Segment Open

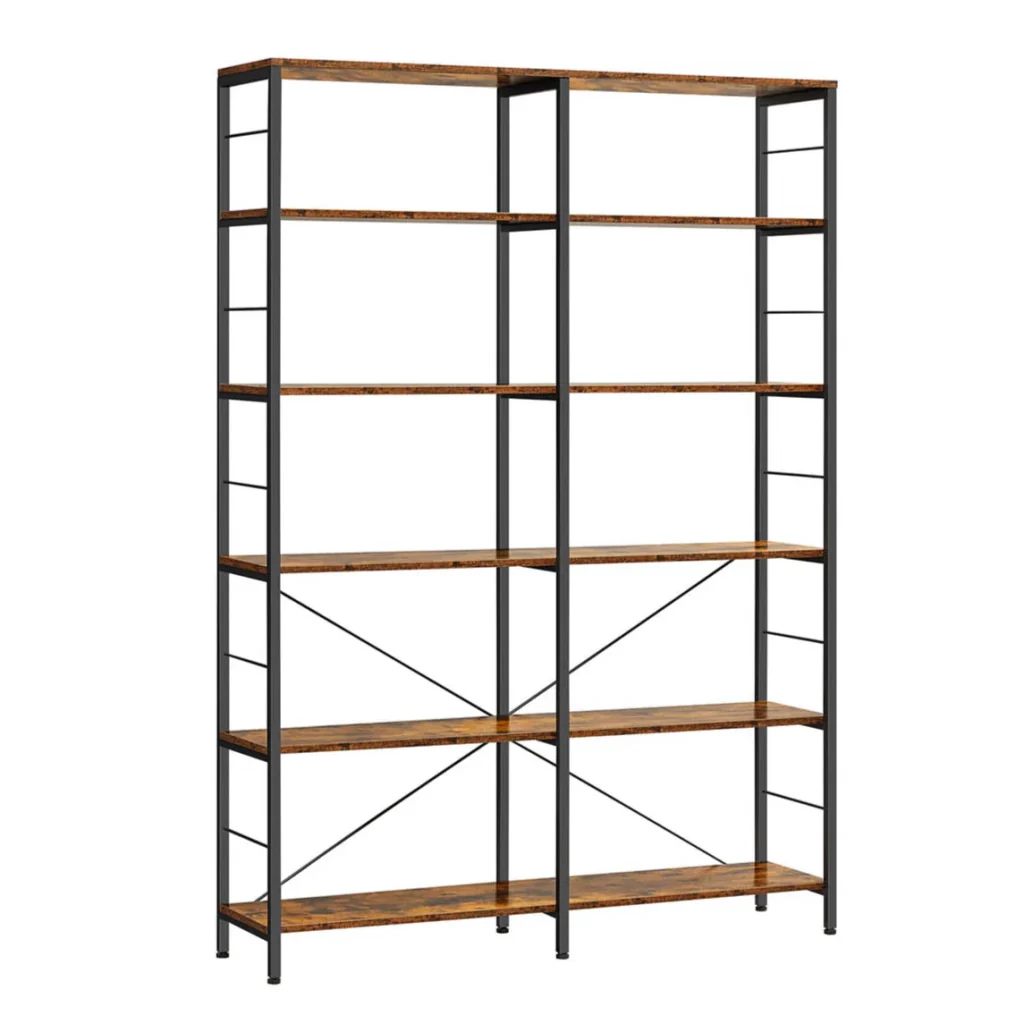 Libreria a 6 ripiani 30 x 120 x 1725 cm stile industriale per soggiorno ufficio balcone cucina marrone 12_0004184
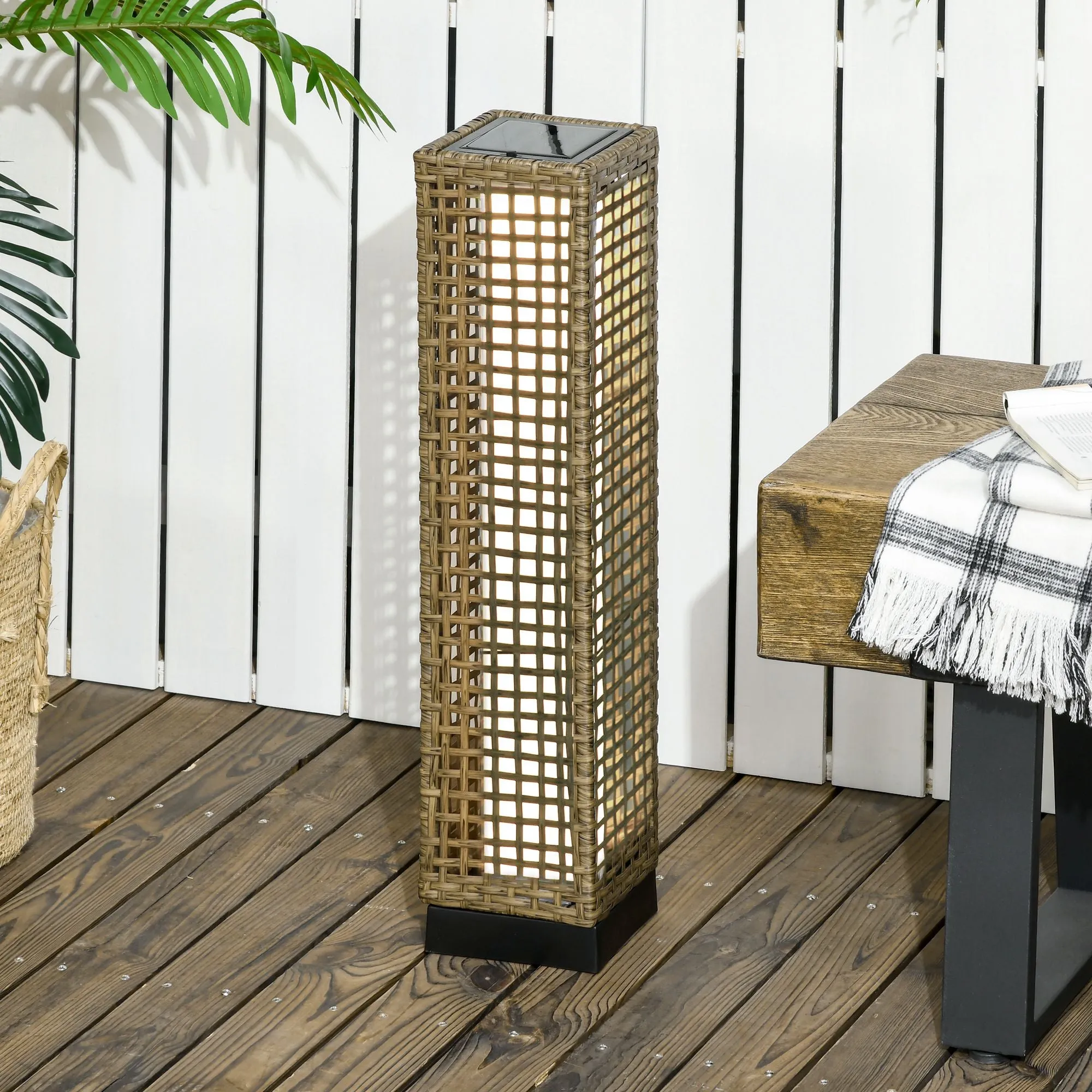 Solar Garden Lamp with Charging Panel, Steel and Rattan, 15.5x15.5x69 cm, Black and Brown - Image 2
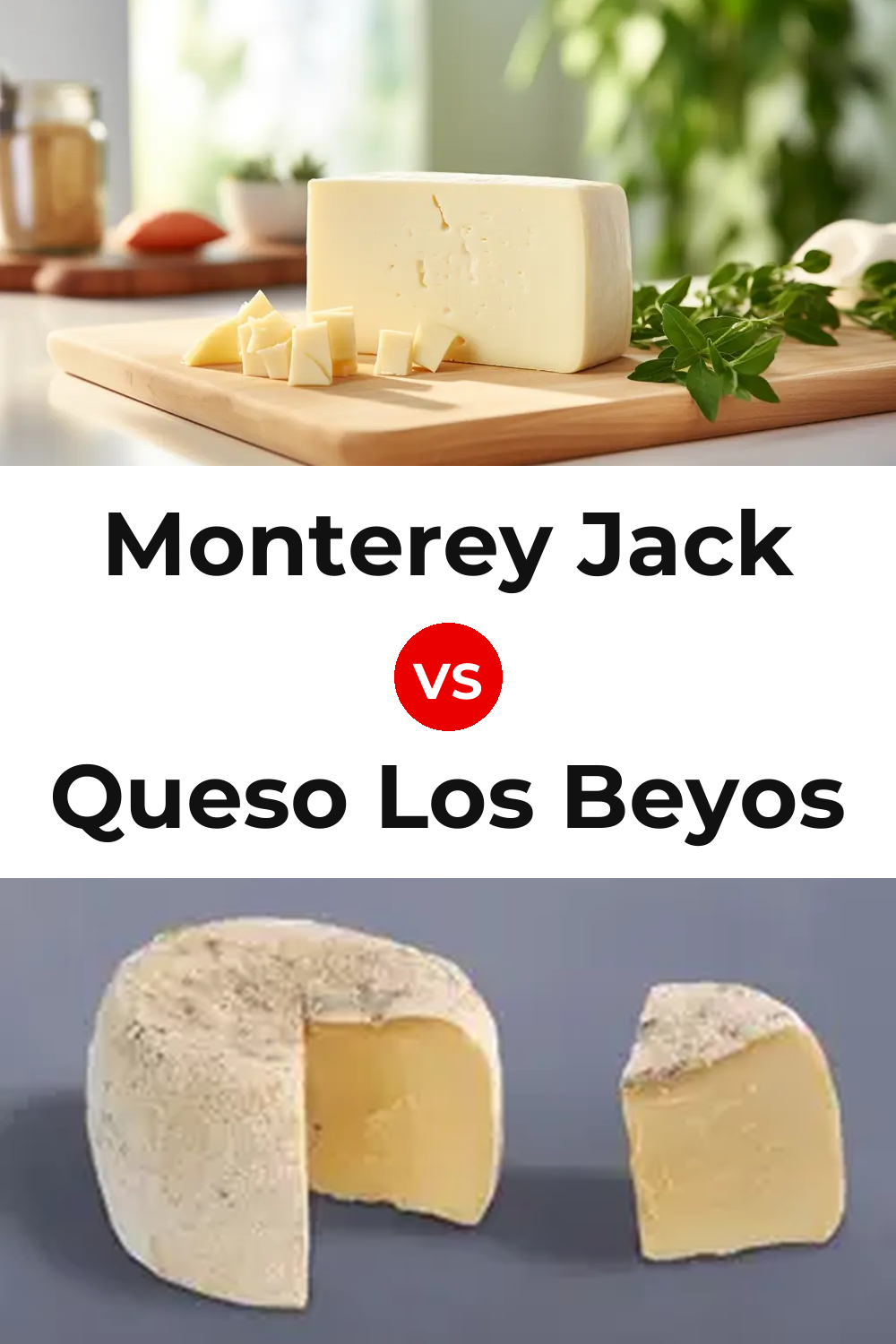 Monterey Jack Cheese vs Queso Los Beyos Pinterest comparison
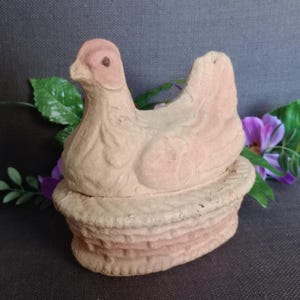 Antique Paper Mache Pulp Easter Chicken Hen on Nest 2 Piece Candy Container, Drake Process FN Burt Egg Carton Hollow Figure Box Spring Decor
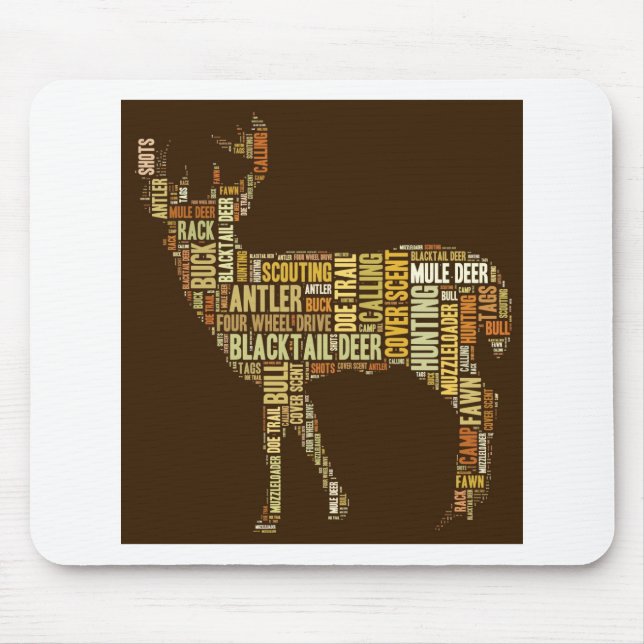 Hunting Word Cloud Mouse Pad (Front)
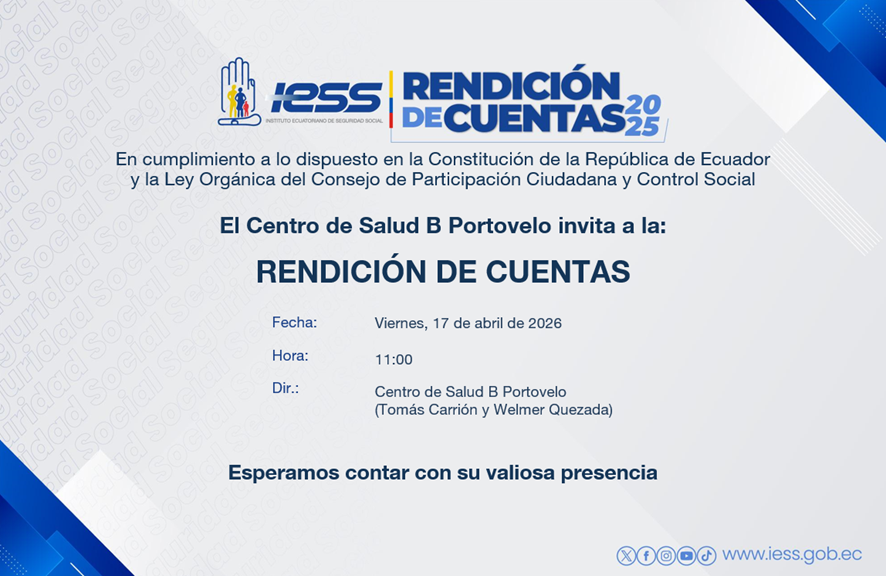 IESSElOro's tweet photo. 📢El Centro de Salud B Portovelo invita a los asegurados y ciudadanía a la presentación de la #RendiciónDeCuentasIESS2025 🏥

Fecha: Viernes, 17 de abril de 2026
Hora: 11:00
Dirección: Centro de Salud B Portovelo (Tomás Carrión y Welmer Quezada) https://t.co/3G0I8RvDI1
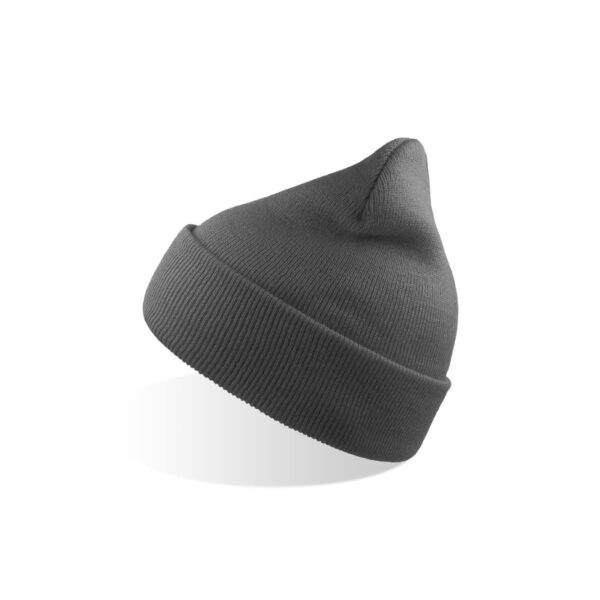 A grey beanie made from recycled polyester, featuring a ribbed design and a pointed top. It has a logo.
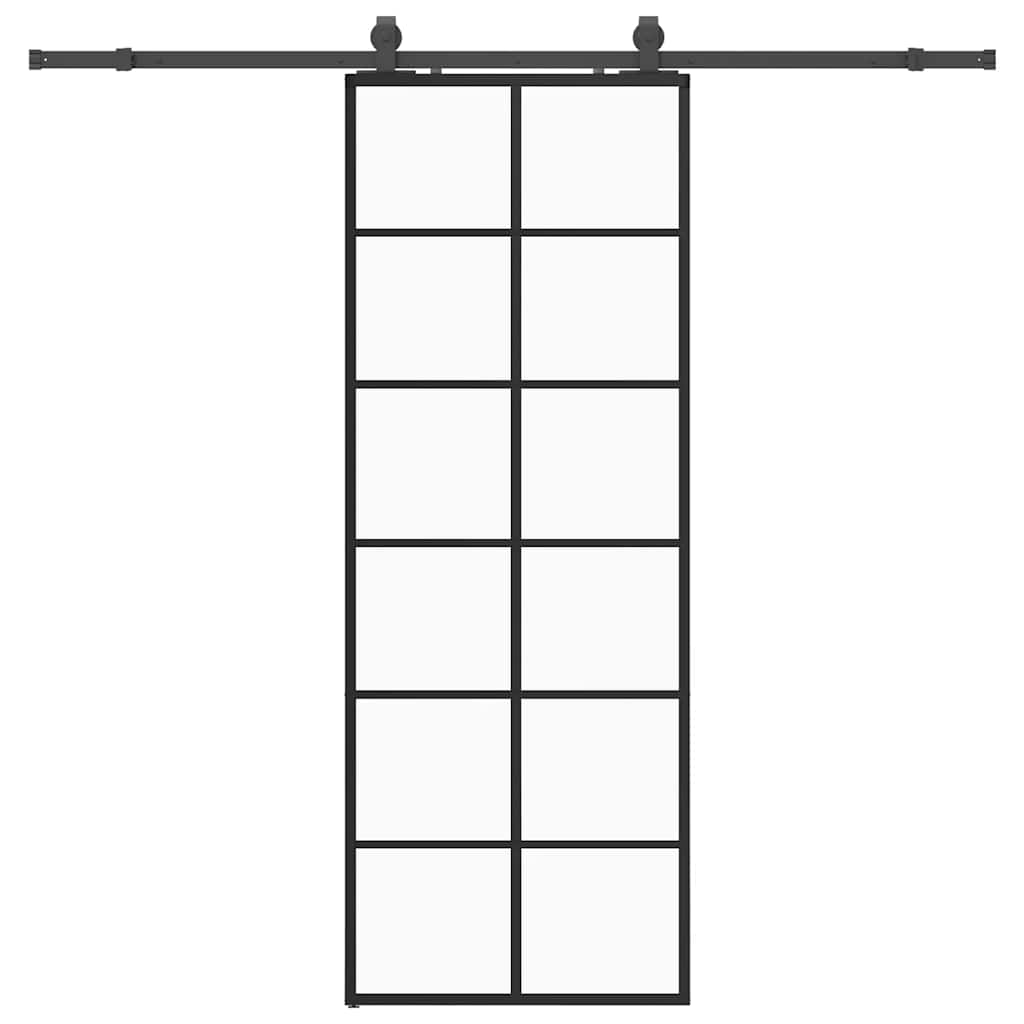 vidaXL Ușă glisantă cu set de feronerie neagră 76x205 cm Sticlă ESG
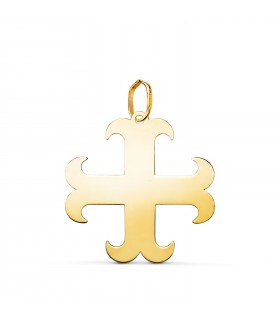 Kreuz-Anhänger aus 750er Gelbgold (18 Karat), ankerförmiges Tatzen- und Templerkreuz, 21 mm, heraldisches Symbol.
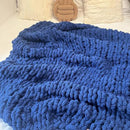 Chunky Knit Blanket Throw 40"x60", Chenille Throw Blankets, Handmade Warm & Cozy Blanket Couch Bed Home Decor, Soft Breathable Fleece Banket, Christmas for Couch Bed Sofa Best Gift (Navy Blue)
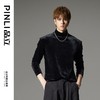 PINLI品立秋冬新品丝绒高领长袖T恤男士休闲高级感打底衫上衣B233111133 商品缩略图1
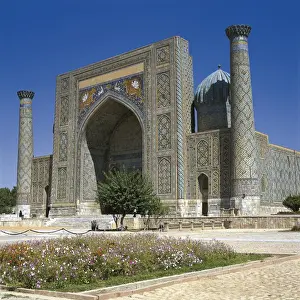 Samarkand Prints: Shir Dor Madrasa. 1619-1636. UZBEKISTAN. Samarkand
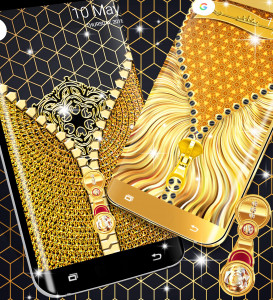 اسکرین شات برنامه Gold lock screen 1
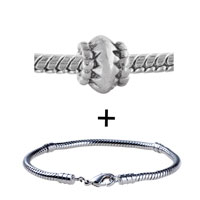 Pugster Gift Center - silver tone round oval eccentric bracelet combination Image.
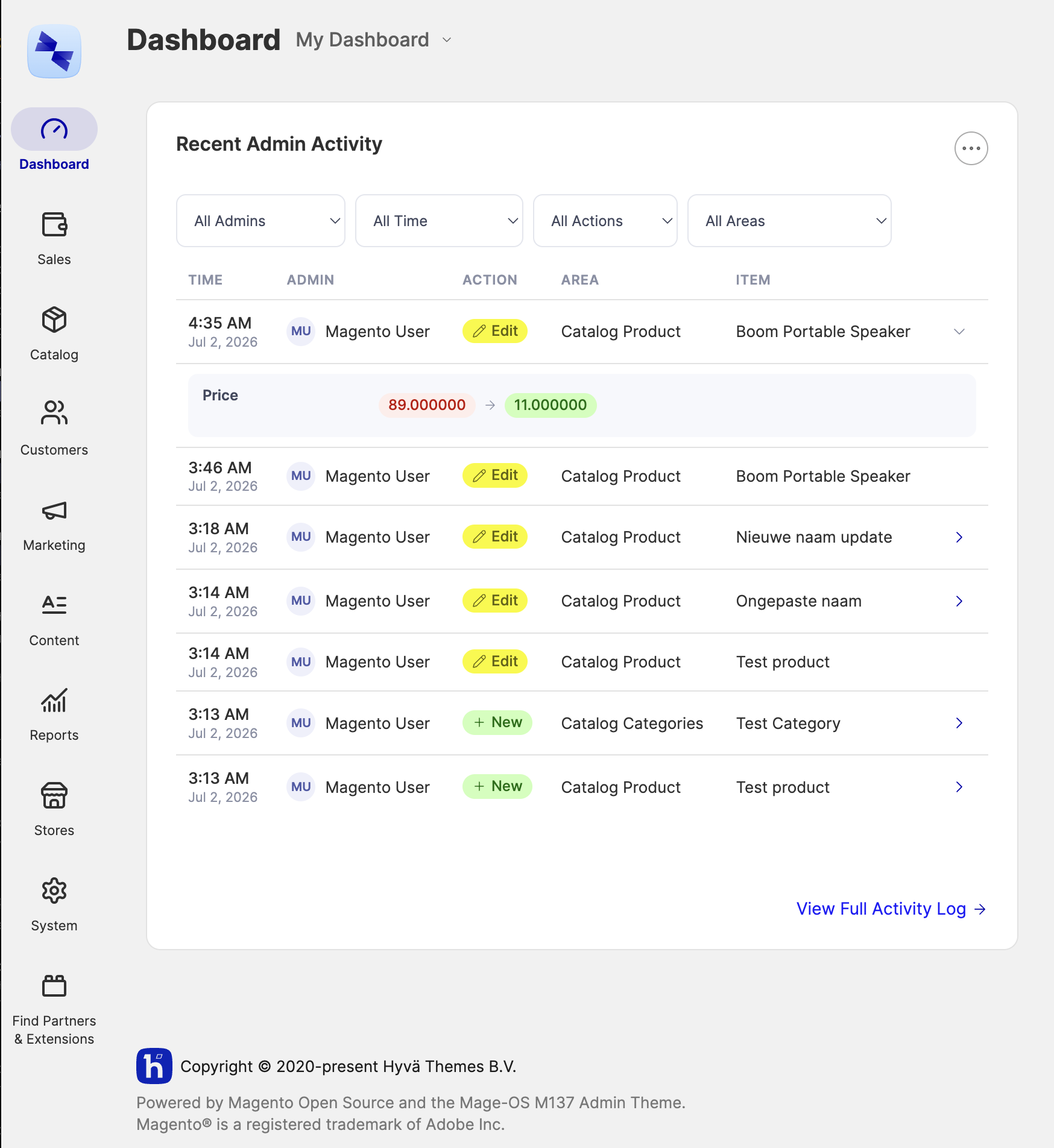 Recent Admin Activity widget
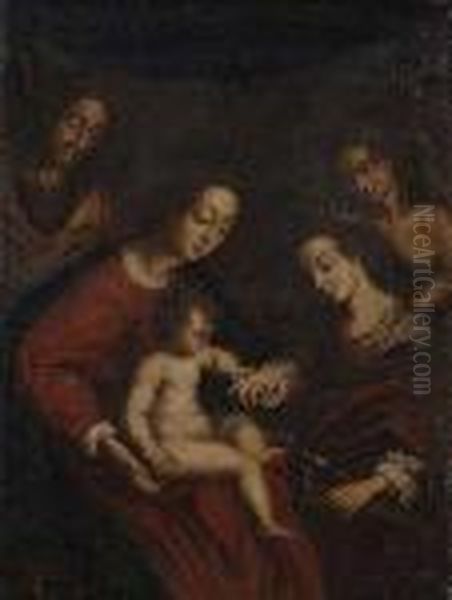 Desposorios Misticos De Santa Catalina Oil Painting by Antonio Allegri da Correggio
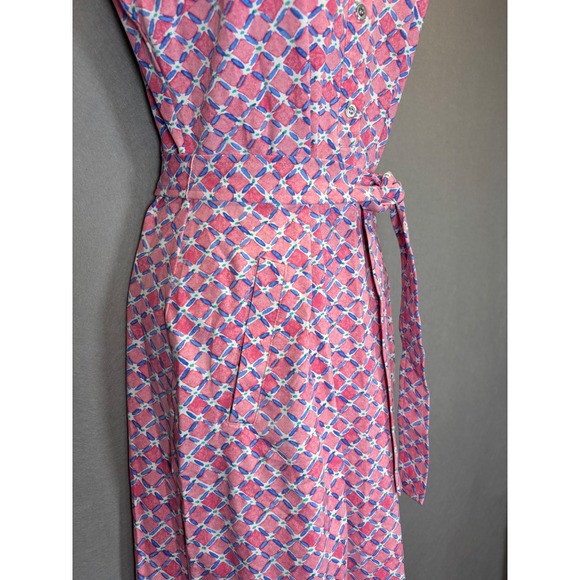 J. McLaughlin Pink Blue Geometric Catalina Cloth Sleeveless ruffle dress XS - Picture 3 of 9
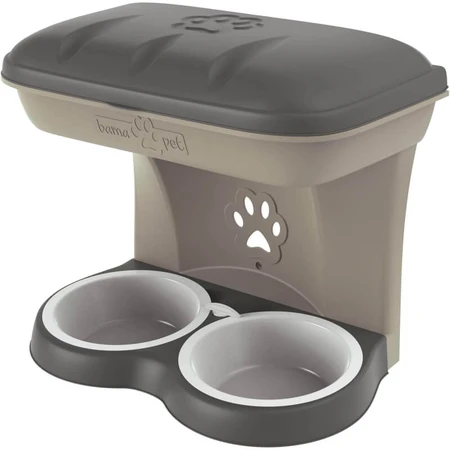 Bama Pet Food Maxi Stand: comedero ergonómico elevado con dos cuencos y un compartimento de almacenamiento para montar en la pared, de plástico color topo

Segment Closed

Drop the pictures, then reproduce exactly the lines from the one with "Samarkand Prints: Shir" through the final line of the listing.

 Samarkand Prints: Shir Dor Madrasa. 1619-1636. UZBEKISTAN. Samarkand
 اسکرین شات برنامه Gold lock screen 1
 Pugster Gift Center - silver tone round oval eccentric bracelet combination Image.
 Recent Admin Activity widget
 Desposorios Misticos De Santa Catalina Oil Painting by Antonio Allegri da Correggio
 J. McLaughlin Pink Blue Geometric Catalina Cloth Sleeveless ruffle dress XS - Picture 3 of 9
 Bama Pet Food Maxi Stand: comedero ergonómico elevado con dos cuencos y un compartimento de almacenamiento para montar en la pared, de plástico color topo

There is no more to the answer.